Die Holländer sagen Meer, wenn sie See meinen und See, wenn es ums Meer geht.

Und wir Deutschen sagen Mittelmeer und wenn wir drauf schippern sind wir auf See. Allerdings sind wir auf der Nordsee auf dem Meer.

Wir sind auf jeden Fall unterwegs ins Lauwersmeer, einem von der Nordsee abgedeichten Binnensee.

Wir fahren auf dem Reitdiep, einem ursprünglich zur Nordsee offenen Meeresarm.

Es führt in wilden Mäandern wie ein Wiesenbach durch sehr, sehr flaches Land.

Eigentlich hatte ich erwartet um uns einen Patchworkteppich aus bunten Feldern zu sehen, doch dem ist nicht so. Das ganze Land ist grün. Sehr grün.

Weideland! Manchmal glotz eine Kuh ein wenig ungehalten über den Damm, doch meist grasen da Schafe.

Die dicken Masten einiger alter Frachtensegler lassen stolz ihre Fähnchen in dem starken Wind flattern.

Weiße Segel killen über dem Schilf und von Motorbooten sieht man nur die Dächer knapp über dem Schilfgürtel.

Die erste Windmühle, schön restauriert, knipse ich von allen Seiten. Weiß man, ob mir noch mal eine so passend vor die Linse kommt?

So richtig groß sind die Entfernungen in Holland nie. Selbst bei Schritttempo sind wir bereits mittags im See. Im Meer. Na gut, das Meer, also die Waddenzee, das Wattenmeer, ist wirklich nah. Nur mit einem Deich und einen Sperrwerk von diesem Binnengewässer getrennt. Binnen und butten sind sich hier ziemlich auf die Pelle gerückt.

Da die Ränder des Sees sehr flach und Schilf bewachsen sind, hat der Verband der Marrekrite viele kleine Anleger in den See gebaut. Eigentlich sind es kleine Steiger an Dalben, manchmal sind es nur Dalben mit ein paar Brettern davor.

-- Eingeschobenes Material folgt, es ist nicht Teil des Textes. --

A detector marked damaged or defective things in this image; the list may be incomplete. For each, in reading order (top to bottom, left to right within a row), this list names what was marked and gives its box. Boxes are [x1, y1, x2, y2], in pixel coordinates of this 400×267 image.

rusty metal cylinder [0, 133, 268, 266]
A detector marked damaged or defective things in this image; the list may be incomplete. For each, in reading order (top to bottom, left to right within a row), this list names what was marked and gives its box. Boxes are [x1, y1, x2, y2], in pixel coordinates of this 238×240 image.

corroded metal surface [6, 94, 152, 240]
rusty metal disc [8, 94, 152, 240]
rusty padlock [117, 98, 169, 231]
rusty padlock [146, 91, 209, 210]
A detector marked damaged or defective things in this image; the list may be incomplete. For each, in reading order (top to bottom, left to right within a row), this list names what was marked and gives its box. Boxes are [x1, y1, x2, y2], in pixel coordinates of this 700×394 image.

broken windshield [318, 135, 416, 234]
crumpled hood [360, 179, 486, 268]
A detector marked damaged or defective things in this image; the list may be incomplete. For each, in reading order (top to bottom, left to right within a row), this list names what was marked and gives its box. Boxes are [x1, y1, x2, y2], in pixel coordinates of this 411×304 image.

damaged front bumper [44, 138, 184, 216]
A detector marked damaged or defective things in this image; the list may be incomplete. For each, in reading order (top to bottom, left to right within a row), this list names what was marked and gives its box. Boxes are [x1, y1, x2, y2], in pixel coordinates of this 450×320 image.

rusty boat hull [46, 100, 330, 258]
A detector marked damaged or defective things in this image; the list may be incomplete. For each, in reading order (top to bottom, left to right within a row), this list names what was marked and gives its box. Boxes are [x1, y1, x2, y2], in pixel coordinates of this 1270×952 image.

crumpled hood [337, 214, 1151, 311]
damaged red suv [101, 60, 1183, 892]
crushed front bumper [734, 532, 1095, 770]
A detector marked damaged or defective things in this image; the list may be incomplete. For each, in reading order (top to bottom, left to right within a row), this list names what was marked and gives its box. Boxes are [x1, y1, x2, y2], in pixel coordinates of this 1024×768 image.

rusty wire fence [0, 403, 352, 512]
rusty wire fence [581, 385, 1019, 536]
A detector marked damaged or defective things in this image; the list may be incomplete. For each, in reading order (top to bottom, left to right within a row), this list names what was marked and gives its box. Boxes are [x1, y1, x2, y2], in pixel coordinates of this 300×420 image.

Hier kann man nach Herzenslust anlegen. Und es kostet nix. Das lässt sich doch hören.

Der Name Marrekrite kommt aus dem friesischen, natürlich! Wir sind hier in Friesland, ob es Provinz Groningen heißt oder nicht.

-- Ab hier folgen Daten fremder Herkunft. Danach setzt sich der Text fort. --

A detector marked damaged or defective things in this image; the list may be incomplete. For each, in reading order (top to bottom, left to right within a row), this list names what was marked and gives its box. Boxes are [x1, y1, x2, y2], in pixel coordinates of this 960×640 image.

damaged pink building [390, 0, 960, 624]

Also „mare“ = Meer und „krite“ = Gebiet. Also Seengebiet.

Allerdings gibt es die Marrekrite-Anleger auch in den Kanälen, aber dann natürlich am Ufer.

Manfred ist von den Anlegern im See besonders angetan. Vor Anker könnte er nämlich bei dem starken Wind nicht fernsehen.

Fernsehen gehört, seid wir nicht mehr arbeiten zu seinem Leben, genau wie Bootsreisen und ich.

30 Jahre lang haben wir einen Fernseher spazieren gefahren, doch kein Mensch hat am Wochenende in die Glotze geguckt. Manchmal im Winter, wenn die Tage sehr kurz und die Abende sehr, sehr lang waren. Doch meist waren sie ausgefüllt mit gemütlichem Gequatsche mit Freunden.

So richtig gefehlt hat uns der Fernseher erst, als wir das erste Mal einige Monate in Frankreich waren. Wir waren völlig uninformiert über das Geschehen der Welt. Sie hätte unter gehen können und wir wären dumm in einer Schleuse gestorben.

Also gab es einen Fernseher und dazu eine ganz tolle Sat-Antenne. Diese Konstellation hat ein ordentliches Loch in die Bordkasse gerissen. Doch gut, es sollte ja eine Anschaffung fürs restliche Bootfahrer Leben sein.

Der Fernseher hielt nur ein Jahr. Gerade, als in Amerika die Flugzeuge in die Twin-Tower rammten, zeigte er nur noch Grünspan.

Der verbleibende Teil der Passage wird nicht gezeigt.